Could you reproduce all the entries under this sentence exactly, leaving the images aside?

Input data

───

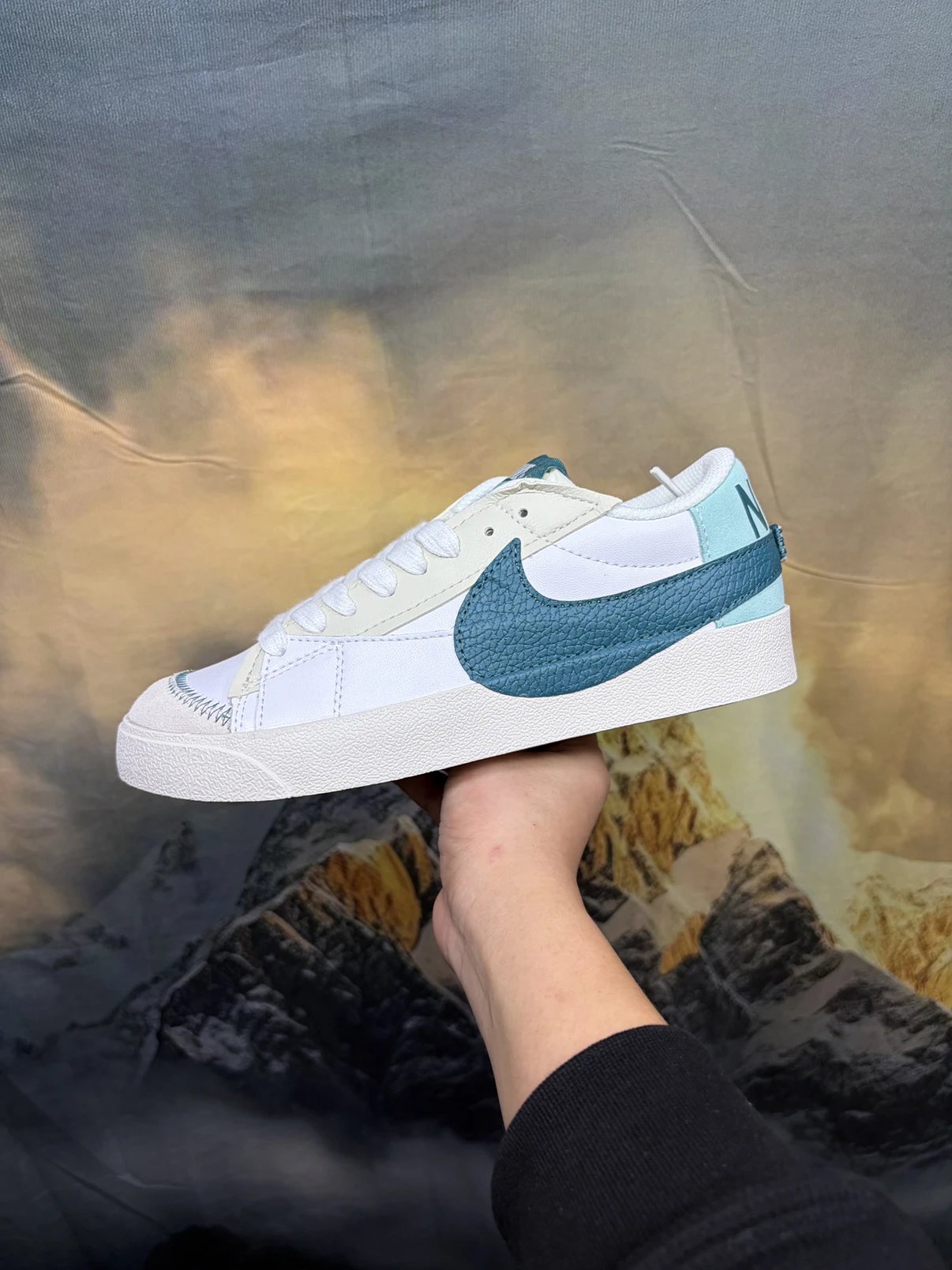【翻毛皮/荔枝纹牛皮革/正确版型/环保绿底】Ni*ke Blazer low "1977 Vintage经典开拓者低帮百搭休闲运动板鞋"—白绿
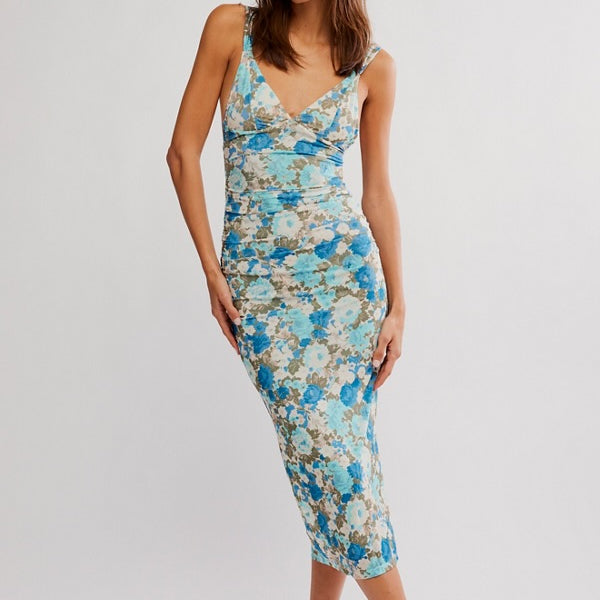 FREE PEOPLE LONG LIVE PRINTED MESH SLIP - BLUE COMBO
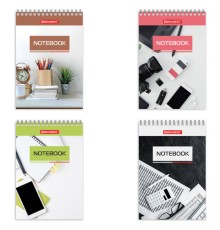 Блокнот МАЛЫЙ ФОРМАТ А6 97х145 мм, 40 л., гребень, картон, клетка, BRAUBERG, 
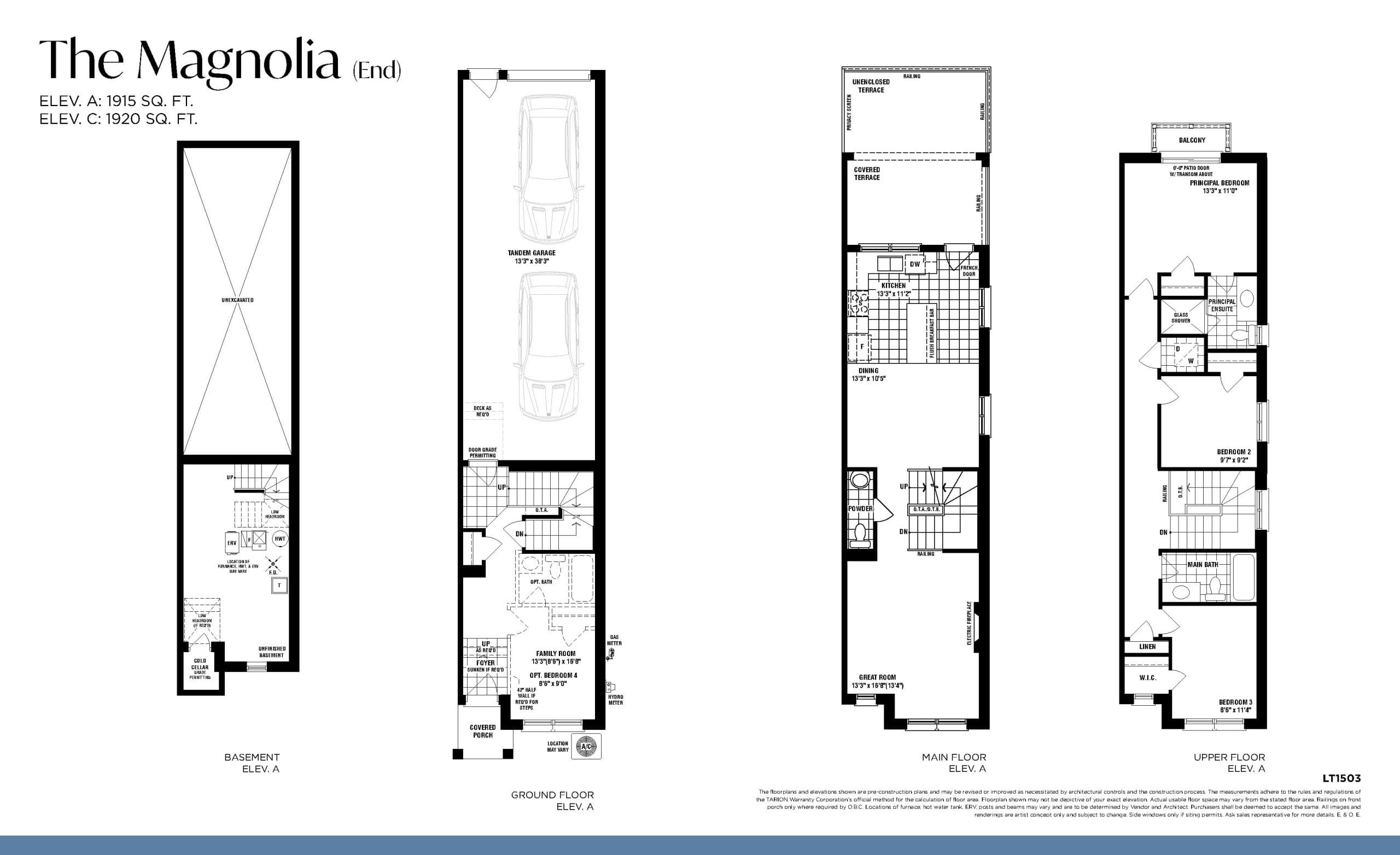 The Magnolia (End) (Laneway Towns) Floor Plan at Unionglen by OPUS Homes - 1915 sq.ft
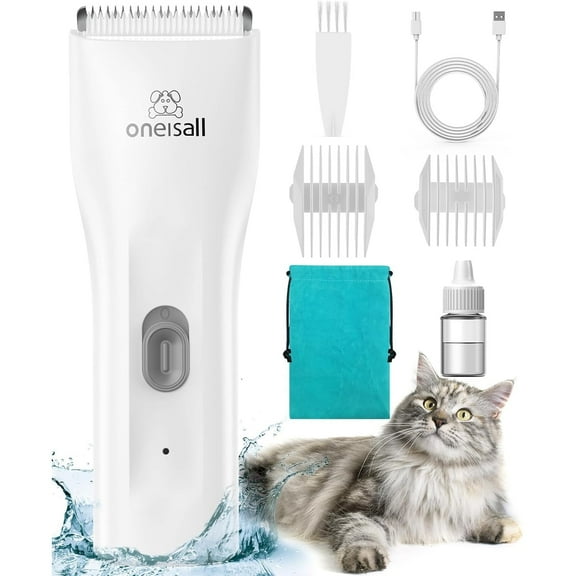 Oneisall LGL006 Cat Grooming Clippers, Cordless Quiet Cat Clippers for Cat Matted Hair - White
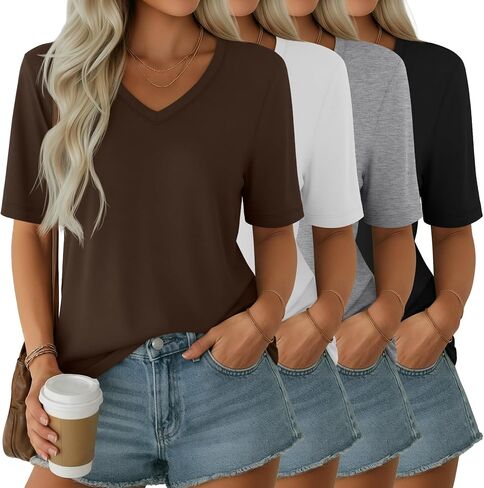 Ficerd 4 Pack Women's Half Sleeve V Neck Tops Elbow Length Loose Fit Shirts Casual Trendy Summer Straight Hem Basic Tees in Kuwait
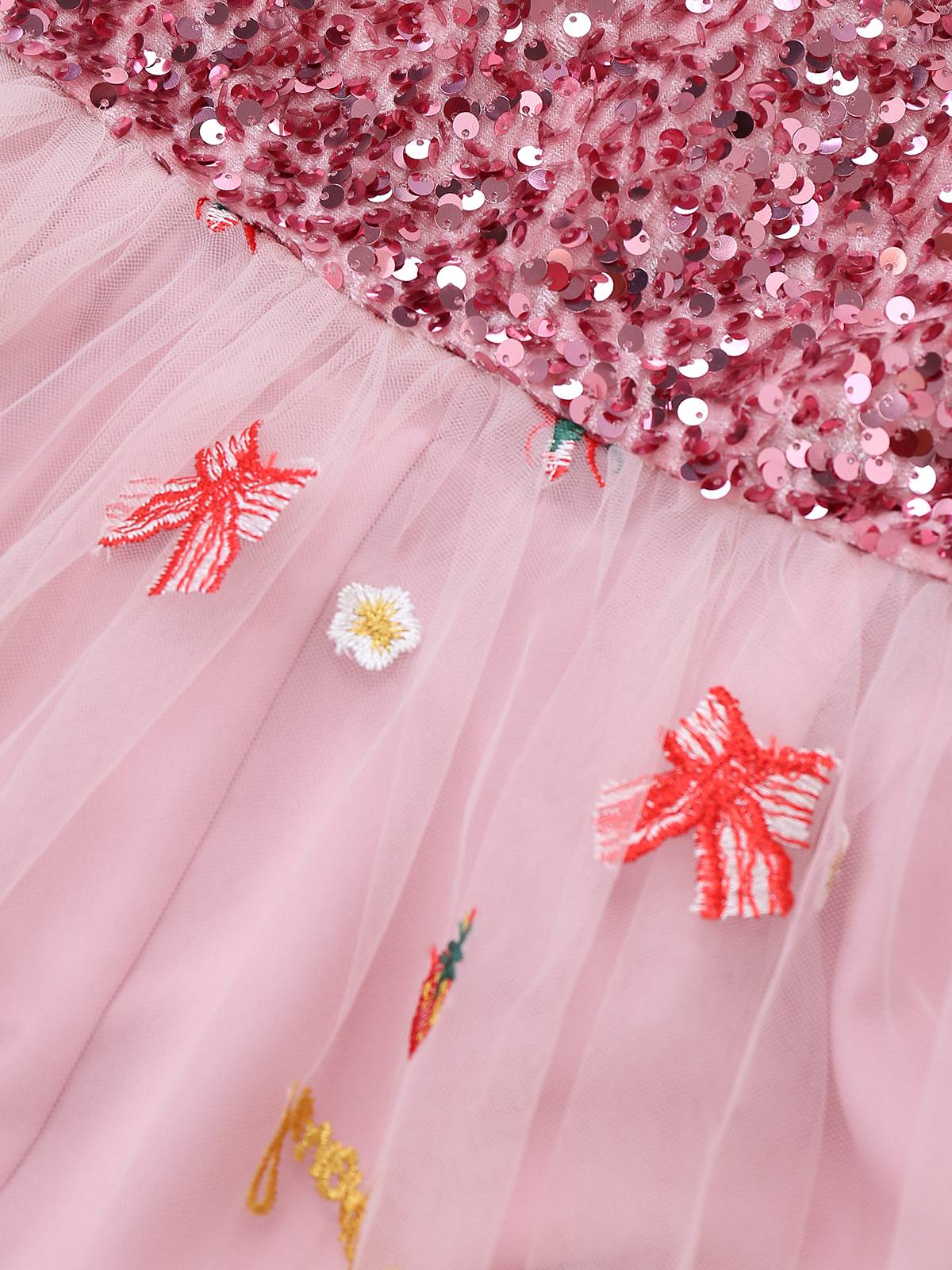 Robe bustier rose en maille à sequins et fourrure années 1950 - Image 7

───

Answer to this task
【翻毛皮/荔枝纹牛皮革/正确版型/环保绿底】Ni*ke Blazer low "1977 Vintage经典开拓者低帮百搭休闲运动板鞋"—白绿
 FREE PEOPLE LONG LIVE PRINTED MESH SLIP - BLUE COMBO
 Блокнот МАЛЫЙ ФОРМАТ А6 97х145 мм, 40 л., гребень, картон, клетка, BRAUBERG, 
 The Magnolia (End) (Laneway Towns) Floor Plan at Unionglen by OPUS Homes - 1915 sq.ft
 Oneisall LGL006 Cat Grooming Clippers, Cordless Quiet Cat Clippers for Cat Matted Hair - White
 Ficerd 4 Pack Women's Half Sleeve V Neck Tops Elbow Length Loose Fit Shirts Casual Trendy Summer Straight Hem Basic Tees in Kuwait
 Robe bustier rose en maille à sequins et fourrure années 1950 - Image 7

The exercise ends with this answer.